DIRECTIONS FOR THIS TASK
The data below holds a line containing "VÍDEO: Equipe do" and a line containing "Natural Twisted Branch"; please quote exactly those two lines and every line between them, and nothing else.

MATERIAL SUPPLIED
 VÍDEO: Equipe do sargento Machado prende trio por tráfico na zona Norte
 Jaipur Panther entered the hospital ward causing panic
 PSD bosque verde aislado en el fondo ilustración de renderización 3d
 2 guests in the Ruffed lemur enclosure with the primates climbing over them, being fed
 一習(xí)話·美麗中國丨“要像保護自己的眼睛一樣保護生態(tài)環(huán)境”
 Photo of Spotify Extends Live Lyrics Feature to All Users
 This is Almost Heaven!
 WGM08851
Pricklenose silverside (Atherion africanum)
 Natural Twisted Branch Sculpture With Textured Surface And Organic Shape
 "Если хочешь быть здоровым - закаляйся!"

...

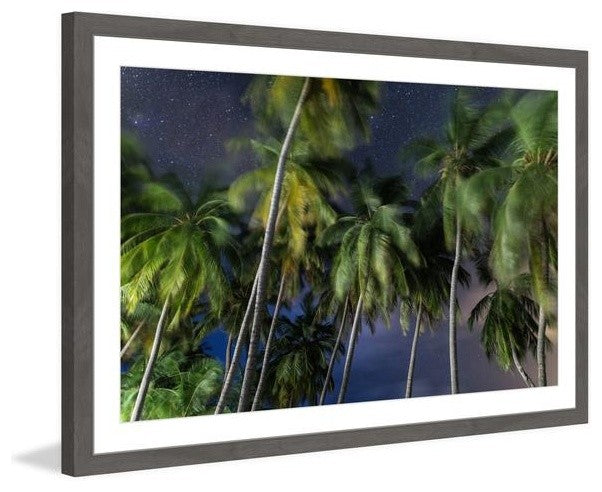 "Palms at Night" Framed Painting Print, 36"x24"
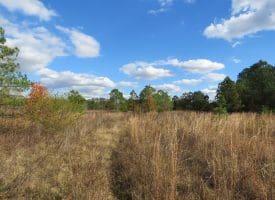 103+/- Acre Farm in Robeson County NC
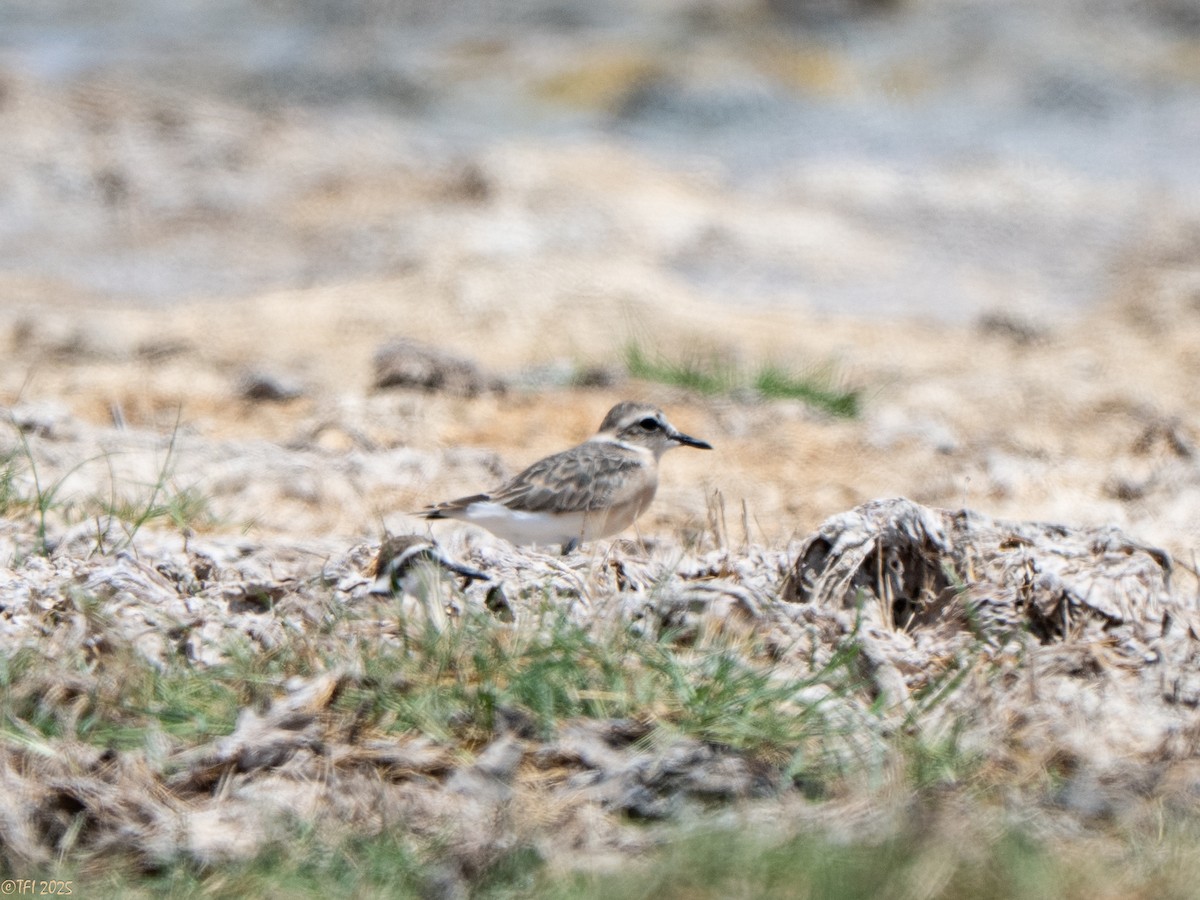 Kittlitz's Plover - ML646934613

==

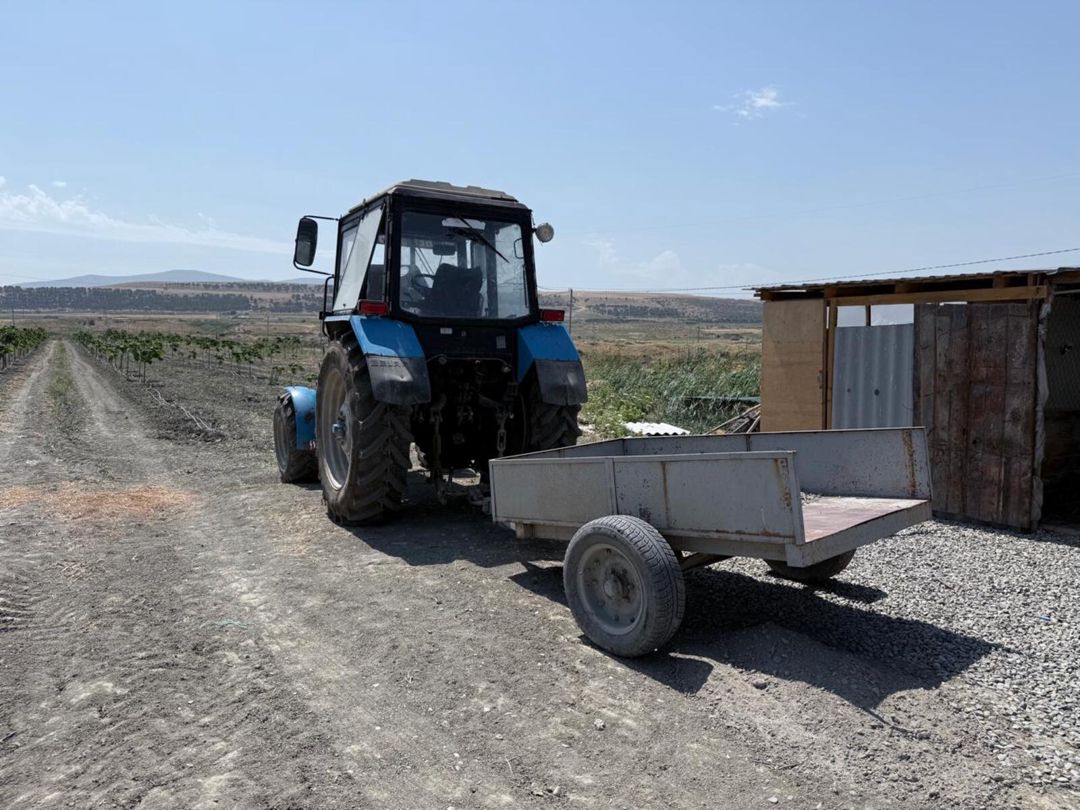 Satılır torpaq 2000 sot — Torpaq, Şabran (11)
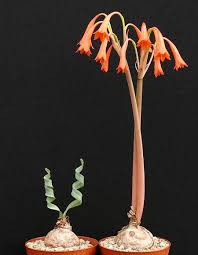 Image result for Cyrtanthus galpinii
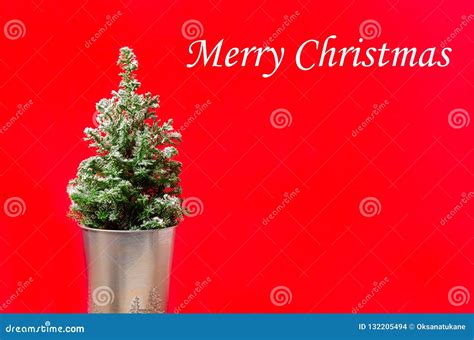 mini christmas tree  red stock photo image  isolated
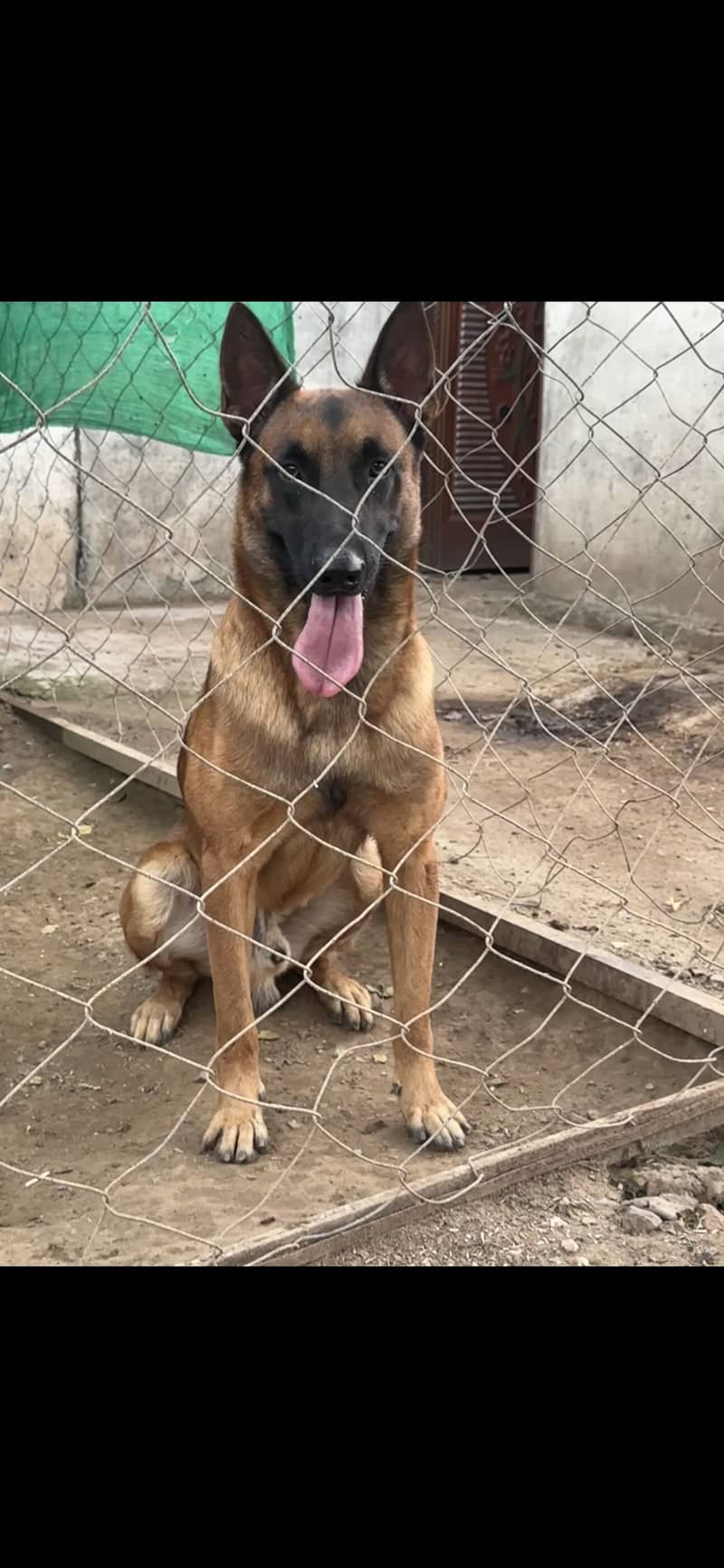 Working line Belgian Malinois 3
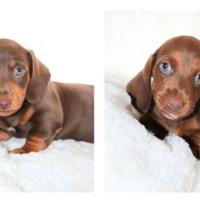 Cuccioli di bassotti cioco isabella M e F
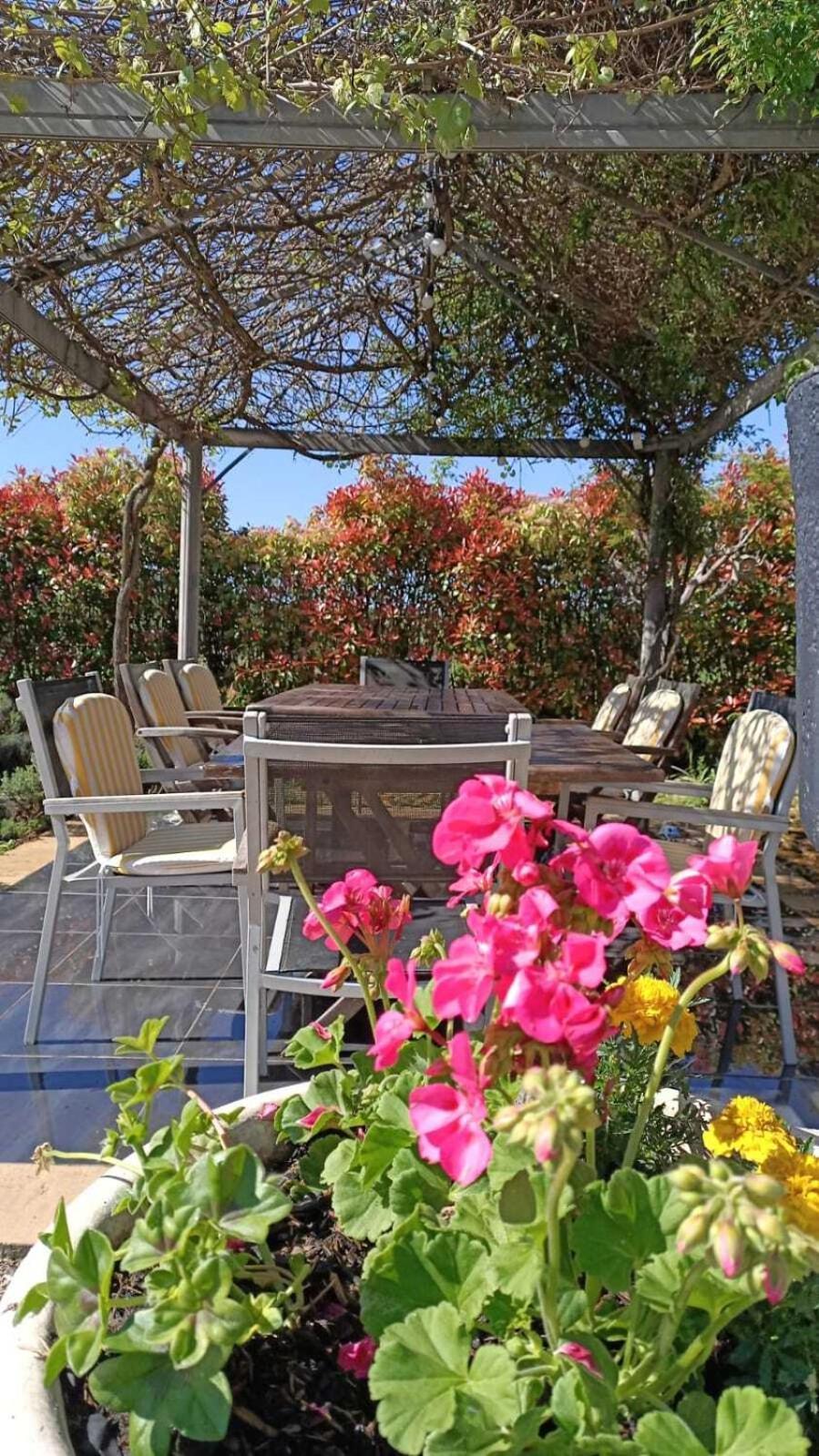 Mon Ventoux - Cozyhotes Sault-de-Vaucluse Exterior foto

OUTPUT BELOW
 VÍDEO: Equipe do sargento Machado prende trio por tráfico na zona Norte
 Jaipur Panther entered the hospital ward causing panic
 PSD bosque verde aislado en el fondo ilustración de renderización 3d
 2 guests in the Ruffed lemur enclosure with the primates climbing over them, being fed
 一習(xí)話·美麗中國丨“要像保護自己的眼睛一樣保護生態(tài)環(huán)境”
 Photo of Spotify Extends Live Lyrics Feature to All Users
 This is Almost Heaven!
 WGM08851
Pricklenose silverside (Atherion africanum)
 Natural Twisted Branch Sculpture With Textured Surface And Organic Shape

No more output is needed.